Implementing Duration-Constrained Translation: The Prompt Engineering Behind AI Dubbing

Most developers building localization pipelines reach for the obvious architecture: transcribe, translate, synthesize. The pipeline chains cleanly, each step is independently testable, and you can swap any component without touching the others. The problem is that it produces consistently bad output, not because any step is implemented poorly, but because the constraints that matter most are distributed across steps that have no shared context.

Descript’s multilingual dubbing system, detailed in an OpenAI case study, resolves this by collapsing the constraint into the translation step itself. Duration is not a property you check after generating a translation. It is a parameter you provide during generation. The shift sounds simple. The implementation consequences are substantial.

The Constraint Structure

A dubbed video segment has three constraints that must be satisfied simultaneously. The translated phrase must mean approximately what the original said. The synthesized audio must fit within the time window occupied by the original speech. And the synthesized voice must sound like the original speaker, adapted to a phoneme inventory that may be structurally different from their native one.

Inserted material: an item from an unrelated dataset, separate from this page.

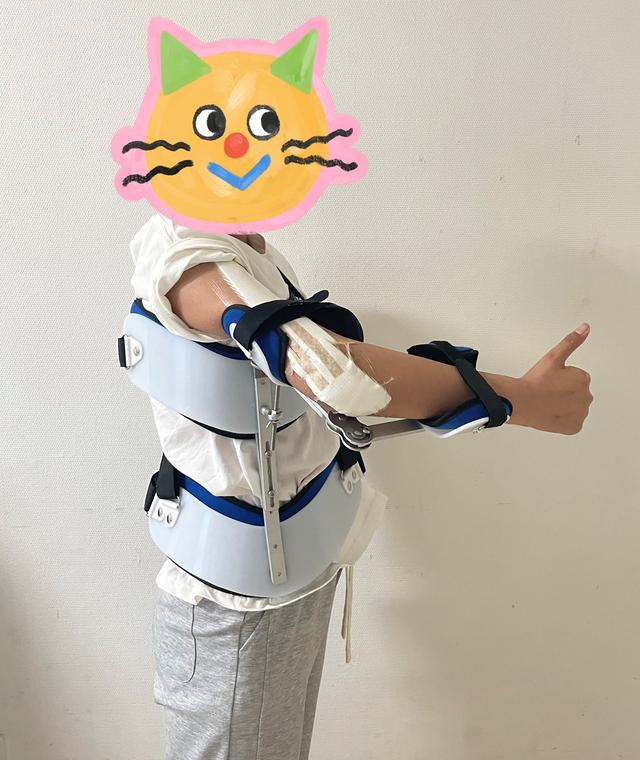 13歲少女患骨肉瘤面臨截肢，3D打印肱骨假體治療成功保肢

In the naive pipeline, these constraints are addressed in sequence: translation maximizes semantic fidelity with no timing awareness, TTS synthesis takes whatever text arrives and renders it, and any timing overflow is either ignored or addressed with speed adjustments. Speed adjustment has a hard perceptual ceiling. Listeners detect unnaturally fast speech around 210 to 220 words per minute in English. Above that threshold, comprehension drops and the audio sounds machine-generated regardless of voice quality. You cannot solve a structural timing mismatch by speeding up playback.

The constraint is structural because languages differ dramatically in phoneme density. Spanish conveys the same semantic content as English using roughly 20 to 25 percent more syllables at natural speaking pace. German, with its compound nouns and verb-final clause structure, runs 25 to 30 percent longer. A pipeline that translates without duration awareness will overflow nearly every segment when targeting these languages, and no downstream adjustment can recover without losing either meaning or naturalness.

Structuring the Prompt

The practical implementation starts with the ASR output. Whisper and comparable models return segment-level transcripts with start and end timestamps. Most developers treat these as metadata for display. For a constrained dubbing pipeline, they are primary inputs to the translation step.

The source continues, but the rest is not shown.